Figure 3c shows ΔH at the Lovö observatory on 17–21 January
2002. The variation of ΔH on 19 January 2002 resembles that observed
on 27 October 1856 in terms of the negative excursion and subsequent
variation. The negative excursion starts at ∼ 12:00 UT, and peaked at
∼ 16:00 UT on 19 January 2002. According to the OMNI solar wind data
(King and Papitashvili, 2005), the negative excursion is associated with a
southward turning of the interplanetary magnetic field (IMF) and a rapid
increase in the solar wind dynamic pressure (data not shown). The sudden
increase in the solar wind dynamic pressure resulted in the sudden increase
in ΔH, which is visible in the 1 min resolution data at Lovö
(dotted line in Fig. 3c). The southward IMF continued until
∼ 15:00 UT, which could result in the intensification of the ring
current and the negative variation of ΔH. ΔH is highly
fluctuating throughout this period, which is caused by fluctuations of the
solar wind and IMF. The solar wind speed and density increased gradually,
starting at ∼ 05:00 UT on 19 January 2002, and the strength of the IMF
peaked at ∼ 09:00 UT on 19 January 2002. These characteristics may
correspond to a corotating interaction region (CIR) (Denton et al.,
2006). The Dst index did not reach -30 nT on 19–20 January 2002. The
amplitude of the negative excursion (∼140 nT) observed in 1856 is
roughly 5 times larger than that observed in 2002 (∼-30 nT). This might
indicate that the IMF Bz and/or solar wind velocity in 1856 was larger than
those in 2002.
From (a) to (c), the H component of the
geomagnetic field disturbance at Helsinki in 1859, Lovö in 1989, and
Lovö in 2002. The dotted line indicates the 1 min data.
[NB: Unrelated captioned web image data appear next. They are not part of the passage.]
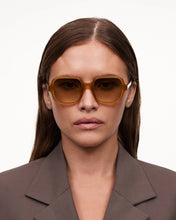 Load image into Gallery viewer, CONIC HONEY WITH GRADIENT LIGHT BROWN &amp; HONEY FRAME

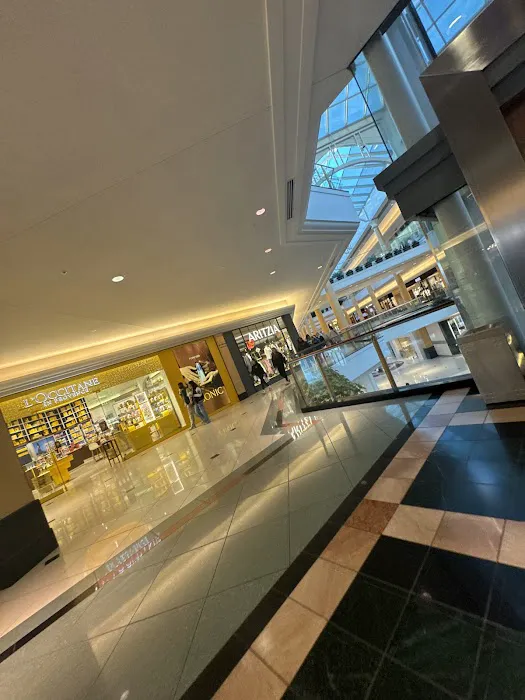 CHANEL FRAGRANCE AND BEAUTY BOUTIQUE 2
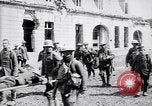 Immagine di Prigionieri tedeschi portano heavy machine gun Francia, 1917, secondo 33 filmato di repertorio 65675027242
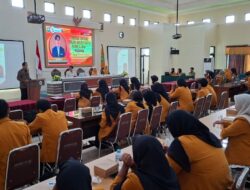 Prodi PBI FKIP Univet Sukoharjo Gelar Kuliah Pakar “Creative Teaching”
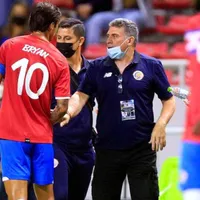 Luis Fernando Suárez le respondió a Bryan Ruiz y lo trató como un aficionado más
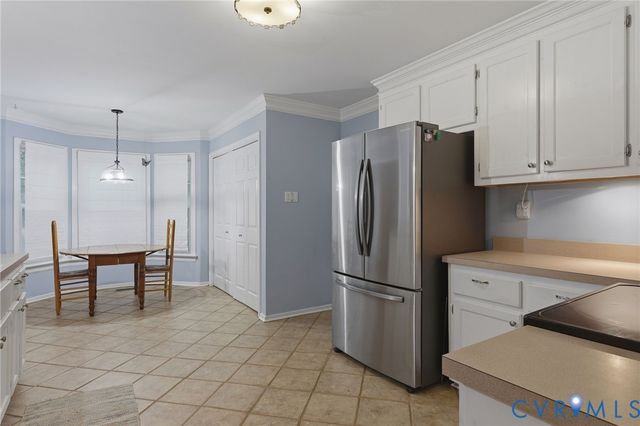 5811 Ridge Point Rd, Midlothian, VA 23112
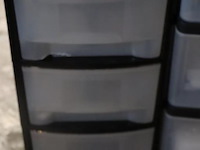 Partij kunststof ladekastjes op pallet - afbeelding 10 van  10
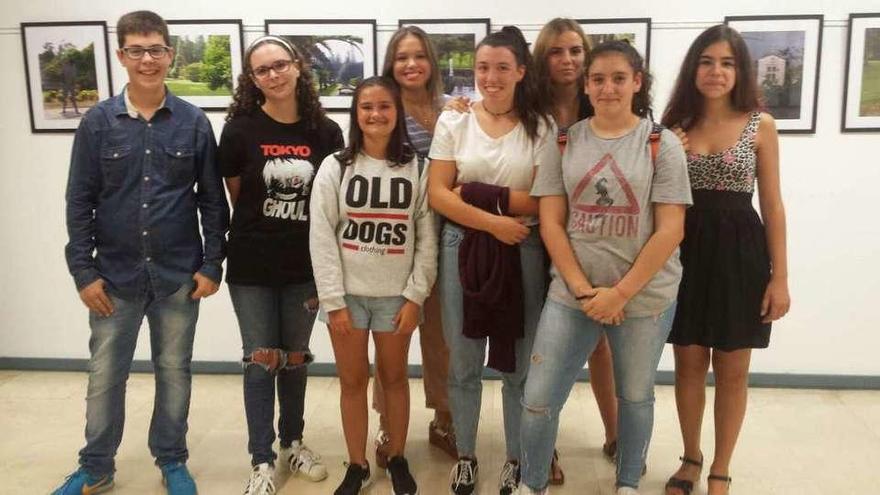 Grupo de alumnos que inauguró ayer la muestra del Pasatiempo y fotografías de la exposición &#039;Detalles&#039;.
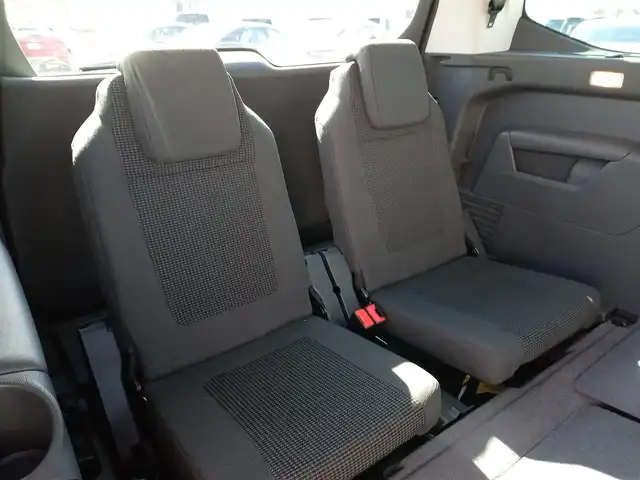 プジョー ５００８ プレミアム 福井県 2014(平26)年 1.5万km 紺Ｍ 社外SDナビ（CN-R300D）/・（フルセグTV/CD/DVD/Bluetooth）/バックカメラ/横滑り防止装置/コーナーセンサー/サイド・カーテンエアバッグ/ETC/オートライト/純正16インチAW/純正フロアマット/リモコンキー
Therefore, we cannot find evidence of any strong geomagnetic disturbance on
27 October 1856 as in intense magnetic storms such as the superstorms in 1859
that brought auroral display down to a low MLAT (Kimball, 1960; Tsurutani et
al., 2003; Cliver and Dietrich, 2013). One possible scenario is that a
short-lasting magnetospheric disturbance occurred to cause the sporadic
aurora. The disturbance is probably associated with a rapid enhancement of
the magnetospheric electric field which transports magnetospheric electrons
deeply earthwards (inwards). After being rapidly transported, the electrons
were probably scattered by some processes on the field line at the L value
of 1.20 (23.9∘ ILAT). The scattered electrons could then have
precipitated into the upper atmosphere, exciting oxygen atoms so as to cause
the aurora. The disturbance should have been strong, at least at the L
value of 1.20, but the duration should have been short (within at most
15 min). If the duration of a strong disturbance (convection) is relatively
long, hot ions also move inwards so as to intensify the plasma pressure (the
ring current) that principally disturbs the geomagnetic field characterized
by a negative excursion of the H component of the magnetic field (Ebihara
and Ejiri, 2003). The observation shows that the ring current was not
strongly developed during this period. One of the possible causes of the
short-lasting, large-amplitude disturbance is the interplanetary shock that
reached the Earth. The compressional magnetospheric wave that was excited at
the dayside magnetopause could propagate towards the Earth in the direction
perpendicular to the magnetic field (e.g. Wilson and Sugiura, 1961).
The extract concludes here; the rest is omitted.